#### THE PROBLEM
Apart from the images, the entire listing below must be restated word for word.
━━ EXERCISE INPUT ━━
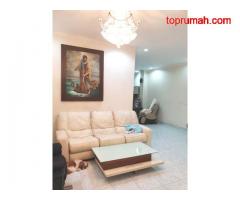 Dijual rumah siap huni 2lt luas 150m2 type 5KT Kalideres Jakarta Barat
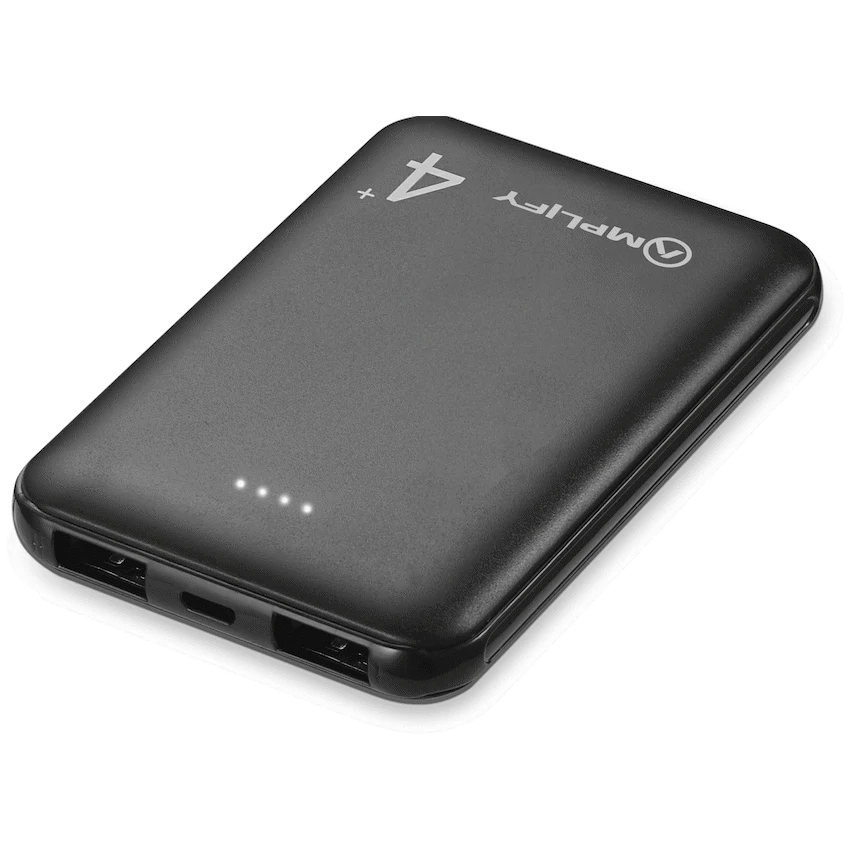 Amplify Power Bank Combo (Spark 10000mah) & (Verve Max)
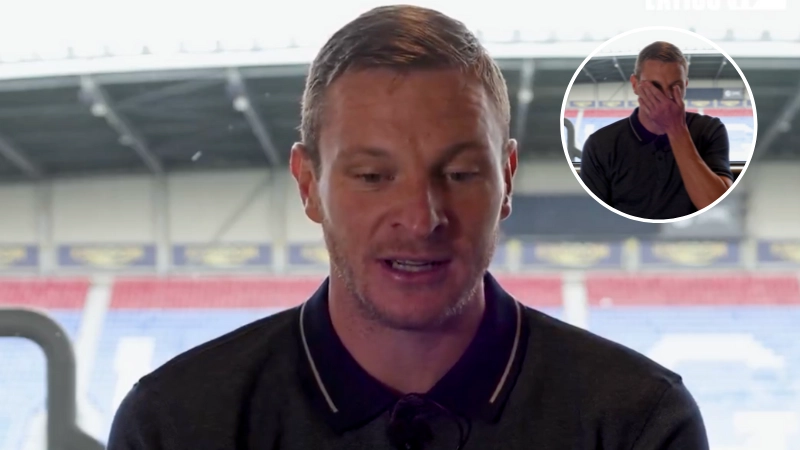 Wrexham fans brand Paul Mullin Wigan interview 'sad to watch' after confession about his move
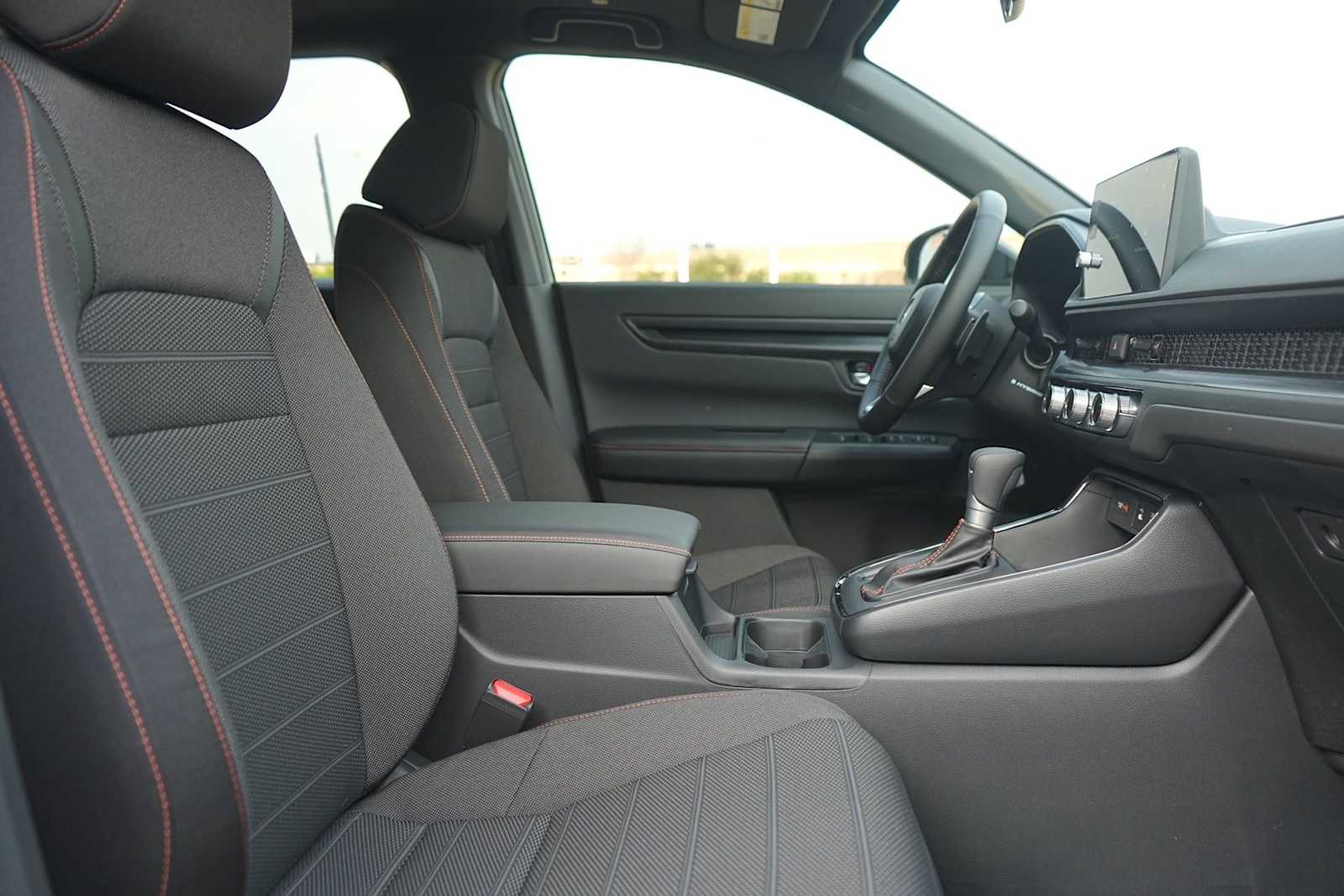 Thumbnail: 2026 Honda CR-V - 14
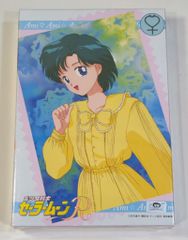 セイカ/アートボックス セーラームーンR ジグソーパズル 水野亜美 オシャレしちゃった 300ピース サイズ:26×38cm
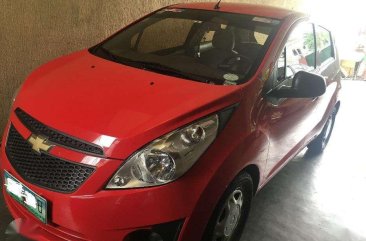 2012 Chevrolet Spark AT for sale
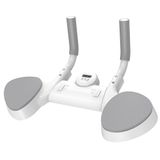 Equipamento De Treinamento Deend - Grip Confortável - Liga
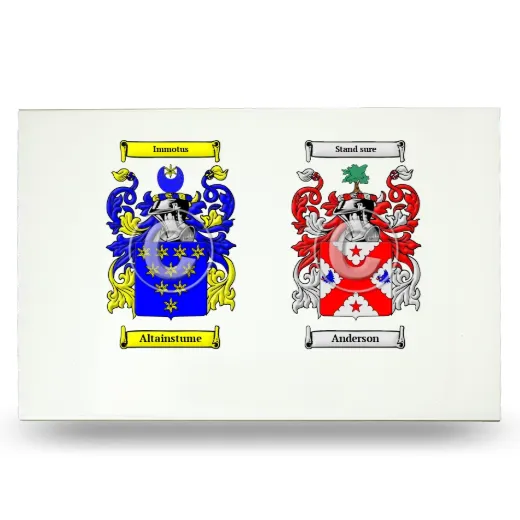Anniversary Tile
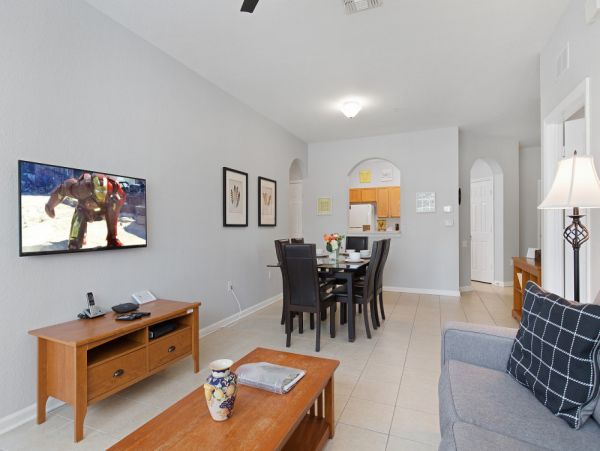 Orlando Home 979769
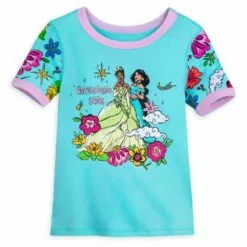 Disney Princess PJ PALS For Kids -Lionel Promotional 4903057393160 2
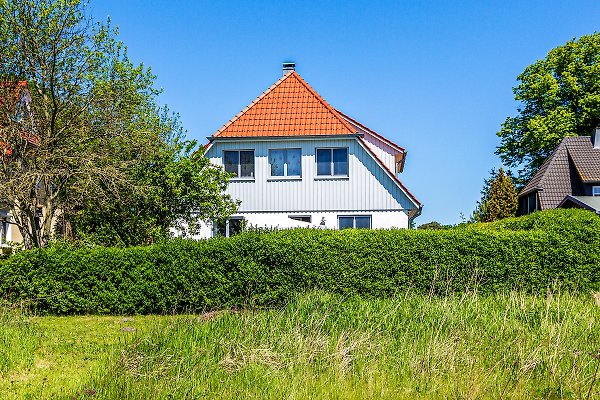 Ferienwohnung Prerow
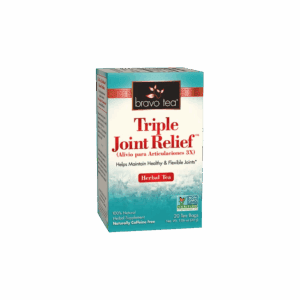 Image of Triple Joint Relief Tea - by Bravo Tea - Single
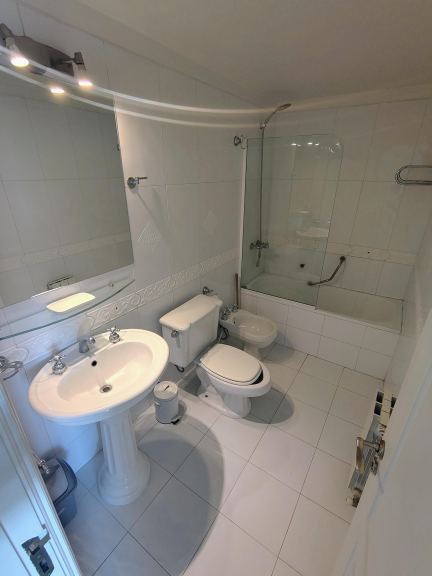 Departamento en Alquiler en Capital, Mendoza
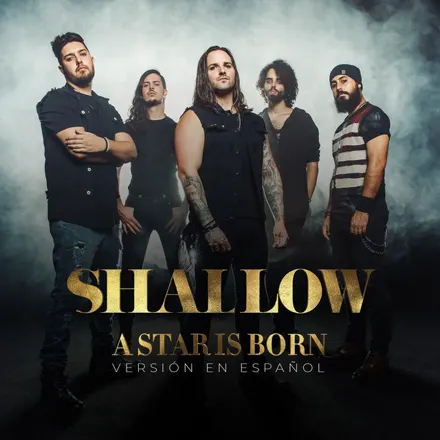 Headon – Shallow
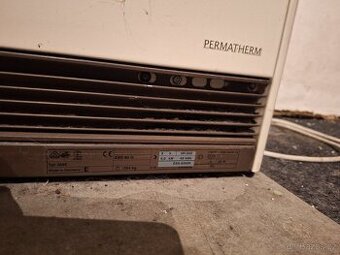 Akumulační elektrická kamna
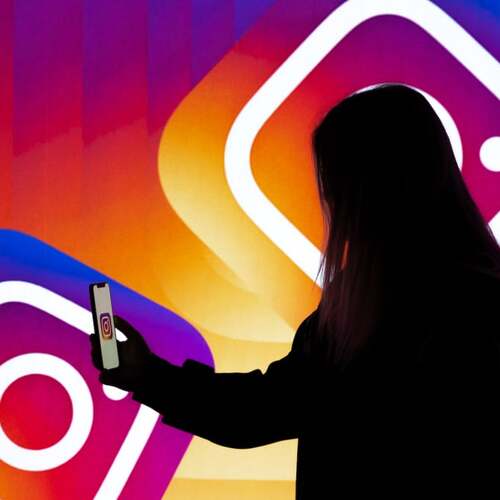 Instagram blocked LGBTQ+ content by accident, Meta claims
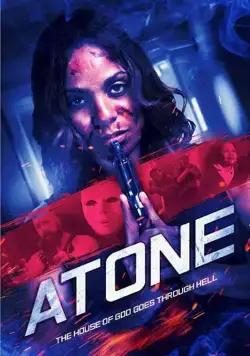 Постер: Искупление / Atone (2019)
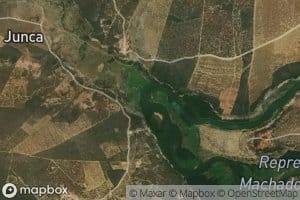 Corrego Mundo Novo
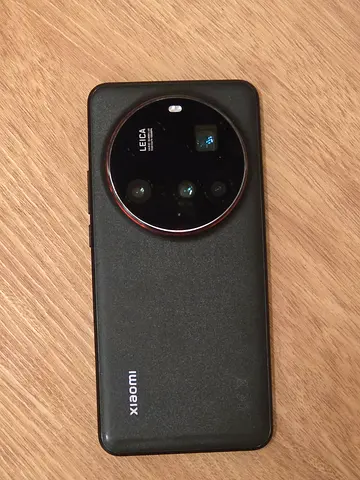 Xiaomi 15 Ultra (Global Version) with Leica Quad Camera 526 GB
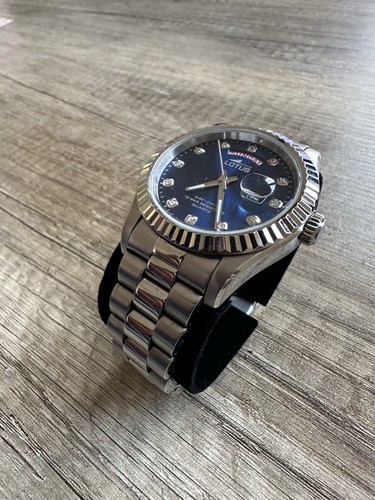 Montre lotus unisexe - lotus,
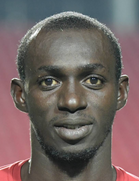 Abdoulaye Kanouté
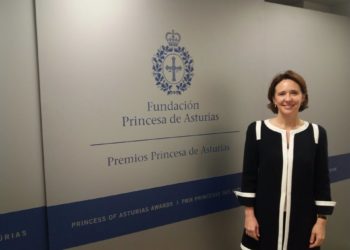La Fundación Princesa de Asturias convoca la séptima edición de ‘Toma la Palabra’
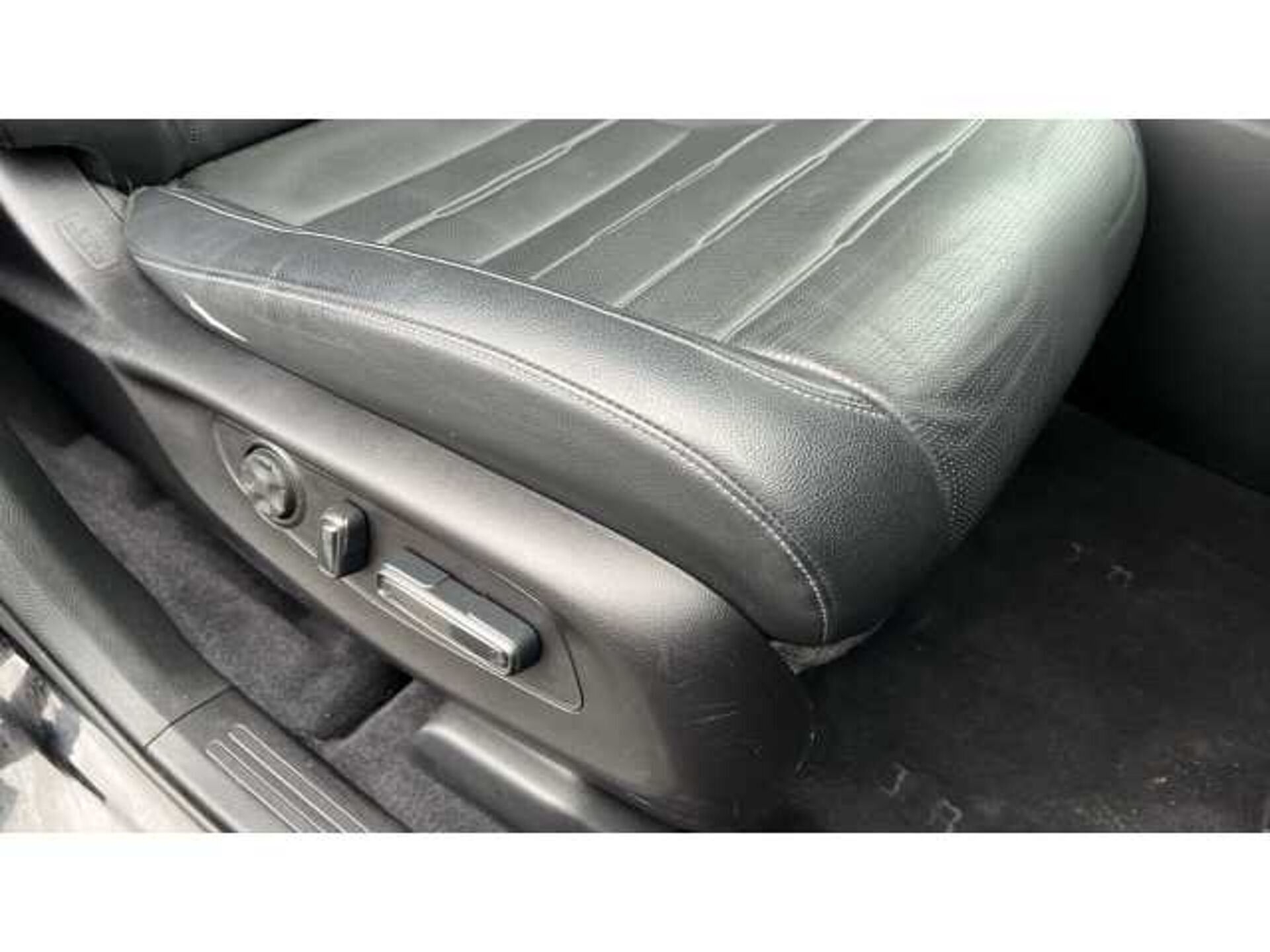 Honda CR-V Hybrid CR-V 2.0 eHEV Elegance 5dr eCVT 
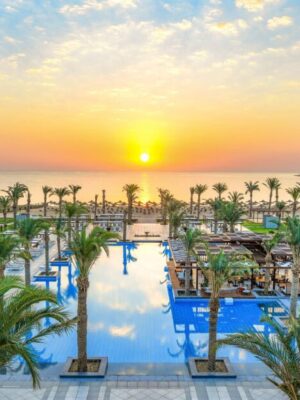 JAZ Costa Mares – Marsa Alam – Egypt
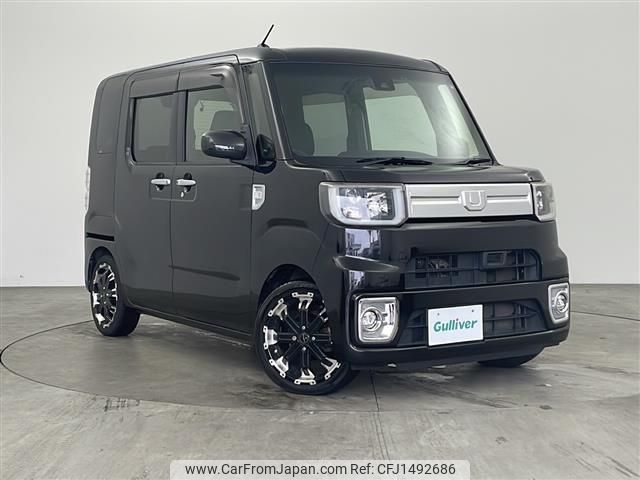 daihatsu wake 2017 -DAIHATSU--WAKE DBA-LA700S--LA700S-0089107---DAIHATSU--WAKE DBA-LA700S--LA700S-0089107- image 1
━━━
#### THE COMPLETED TASK
 Dijual rumah siap huni 2lt luas 150m2 type 5KT Kalideres Jakarta Barat
 Amplify Power Bank Combo (Spark 10000mah) & (Verve Max)
 Wrexham fans brand Paul Mullin Wigan interview 'sad to watch' after confession about his move
 Thumbnail: 2026 Honda CR-V - 14
 セイカ/アートボックス セーラームーンR ジグソーパズル 水野亜美 オシャレしちゃった 300ピース サイズ:26×38cm
 2012 Chevrolet Spark AT for sale
 Equipamento De Treinamento Deend - Grip Confortável - Liga
Anniversary Tile
 Orlando Home 979769
 Disney Princess PJ PALS For Kids -Lionel Promotional 4903057393160 2
 Ferienwohnung Prerow
 Image of Triple Joint Relief Tea - by Bravo Tea - Single
 Departamento en Alquiler en Capital, Mendoza
 Headon – Shallow
 Akumulační elektrická kamna
 Instagram blocked LGBTQ+ content by accident, Meta claims
 Постер: Искупление / Atone (2019)
 Corrego Mundo Novo
 Xiaomi 15 Ultra (Global Version) with Leica Quad Camera 526 GB
 Montre lotus unisexe - lotus,
 Abdoulaye Kanouté
La Fundación Princesa de Asturias convoca la séptima edición de ‘Toma la Palabra’
 Honda CR-V Hybrid CR-V 2.0 eHEV Elegance 5dr eCVT 
 JAZ Costa Mares – Marsa Alam – Egypt
 daihatsu wake 2017 -DAIHATSU--WAKE DBA-LA700S--LA700S-0089107---DAIHATSU--WAKE DBA-LA700S--LA700S-0089107- image 1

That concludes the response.